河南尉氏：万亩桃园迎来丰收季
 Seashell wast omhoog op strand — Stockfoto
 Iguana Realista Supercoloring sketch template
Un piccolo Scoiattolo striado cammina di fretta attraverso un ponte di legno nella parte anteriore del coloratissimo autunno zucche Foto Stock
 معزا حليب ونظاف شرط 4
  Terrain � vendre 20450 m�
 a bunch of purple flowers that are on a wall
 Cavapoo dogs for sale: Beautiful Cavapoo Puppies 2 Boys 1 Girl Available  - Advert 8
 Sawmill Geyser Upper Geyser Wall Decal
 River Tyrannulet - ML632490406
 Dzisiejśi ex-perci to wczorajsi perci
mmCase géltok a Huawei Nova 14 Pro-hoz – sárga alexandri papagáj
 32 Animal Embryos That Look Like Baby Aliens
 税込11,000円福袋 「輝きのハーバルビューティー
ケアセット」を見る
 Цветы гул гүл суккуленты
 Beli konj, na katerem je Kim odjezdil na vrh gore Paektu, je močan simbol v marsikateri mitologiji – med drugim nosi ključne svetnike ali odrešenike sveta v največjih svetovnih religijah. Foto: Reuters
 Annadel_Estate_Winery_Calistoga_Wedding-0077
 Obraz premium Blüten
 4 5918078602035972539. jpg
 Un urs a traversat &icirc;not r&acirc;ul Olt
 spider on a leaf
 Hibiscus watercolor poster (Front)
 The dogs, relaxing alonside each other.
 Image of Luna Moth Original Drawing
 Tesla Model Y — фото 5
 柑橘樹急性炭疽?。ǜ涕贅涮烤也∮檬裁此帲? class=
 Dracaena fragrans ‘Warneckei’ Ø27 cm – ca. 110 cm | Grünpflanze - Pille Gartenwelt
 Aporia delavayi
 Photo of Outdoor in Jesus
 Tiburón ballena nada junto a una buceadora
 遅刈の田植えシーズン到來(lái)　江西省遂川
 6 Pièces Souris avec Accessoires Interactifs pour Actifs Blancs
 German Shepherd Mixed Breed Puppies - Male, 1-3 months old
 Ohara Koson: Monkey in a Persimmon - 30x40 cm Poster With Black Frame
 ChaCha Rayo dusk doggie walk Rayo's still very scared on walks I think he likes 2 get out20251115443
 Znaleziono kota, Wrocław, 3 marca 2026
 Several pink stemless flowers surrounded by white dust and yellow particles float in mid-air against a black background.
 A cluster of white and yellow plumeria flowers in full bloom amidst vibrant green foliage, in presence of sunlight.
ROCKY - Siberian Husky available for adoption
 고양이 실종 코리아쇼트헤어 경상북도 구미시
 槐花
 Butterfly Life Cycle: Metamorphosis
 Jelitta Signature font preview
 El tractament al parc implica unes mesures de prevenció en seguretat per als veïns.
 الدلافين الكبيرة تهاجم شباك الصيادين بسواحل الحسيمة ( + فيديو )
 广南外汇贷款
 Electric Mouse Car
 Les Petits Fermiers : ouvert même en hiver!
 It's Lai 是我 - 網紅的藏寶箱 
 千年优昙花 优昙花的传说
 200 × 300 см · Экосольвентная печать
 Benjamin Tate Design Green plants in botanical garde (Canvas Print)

WHAT YOU NEED TO DO –
Repeat all the lines above, keeping them exactly as they are.

EXERCISE OUTPUT –
河南尉氏：万亩桃园迎来丰收季
 Seashell wast omhoog op strand — Stockfoto
 Iguana Realista Supercoloring sketch template
Un piccolo Scoiattolo striado cammina di fretta attraverso un ponte di legno nella parte anteriore del coloratissimo autunno zucche Foto Stock
 معزا حليب ونظاف شرط 4
  Terrain � vendre 20450 m�
 a bunch of purple flowers that are on a wall
 Cavapoo dogs for sale: Beautiful Cavapoo Puppies 2 Boys 1 Girl Available  - Advert 8
 Sawmill Geyser Upper Geyser Wall Decal
 River Tyrannulet - ML632490406
 Dzisiejśi ex-perci to wczorajsi perci
mmCase géltok a Huawei Nova 14 Pro-hoz – sárga alexandri papagáj
 32 Animal Embryos That Look Like Baby Aliens
 税込11,000円福袋 「輝きのハーバルビューティー
ケアセット」を見る
 Цветы гул гүл суккуленты
 Beli konj, na katerem je Kim odjezdil na vrh gore Paektu, je močan simbol v marsikateri mitologiji – med drugim nosi ključne svetnike ali odrešenike sveta v največjih svetovnih religijah. Foto: Reuters
 Annadel_Estate_Winery_Calistoga_Wedding-0077
 Obraz premium Blüten
 4 5918078602035972539. jpg
 Un urs a traversat &icirc;not r&acirc;ul Olt
 spider on a leaf
 Hibiscus watercolor poster (Front)
 The dogs, relaxing alonside each other.
 Image of Luna Moth Original Drawing
 Tesla Model Y — фото 5
 柑橘樹急性炭疽?。ǜ涕贅涮烤也∮檬裁此帲? class=
 Dracaena fragrans ‘Warneckei’ Ø27 cm – ca. 110 cm | Grünpflanze - Pille Gartenwelt
 Aporia delavayi
 Photo of Outdoor in Jesus
 Tiburón ballena nada junto a una buceadora
 遅刈の田植えシーズン到來(lái)　江西省遂川
 6 Pièces Souris avec Accessoires Interactifs pour Actifs Blancs
 German Shepherd Mixed Breed Puppies - Male, 1-3 months old
 Ohara Koson: Monkey in a Persimmon - 30x40 cm Poster With Black Frame
 ChaCha Rayo dusk doggie walk Rayo's still very scared on walks I think he likes 2 get out20251115443
 Znaleziono kota, Wrocław, 3 marca 2026
 Several pink stemless flowers surrounded by white dust and yellow particles float in mid-air against a black background.
 A cluster of white and yellow plumeria flowers in full bloom amidst vibrant green foliage, in presence of sunlight.
ROCKY - Siberian Husky available for adoption
 고양이 실종 코리아쇼트헤어 경상북도 구미시
 槐花
 Butterfly Life Cycle: Metamorphosis
 Jelitta Signature font preview
 El tractament al parc implica unes mesures de prevenció en seguretat per als veïns.
 الدلافين الكبيرة تهاجم شباك الصيادين بسواحل الحسيمة ( + فيديو )
 广南外汇贷款
 Electric Mouse Car
 Les Petits Fermiers : ouvert même en hiver!
 It's Lai 是我 - 網紅的藏寶箱 
 千年优昙花 优昙花的传说
 200 × 300 см · Экосольвентная печать
 Benjamin Tate Design Green plants in botanical garde (Canvas Print)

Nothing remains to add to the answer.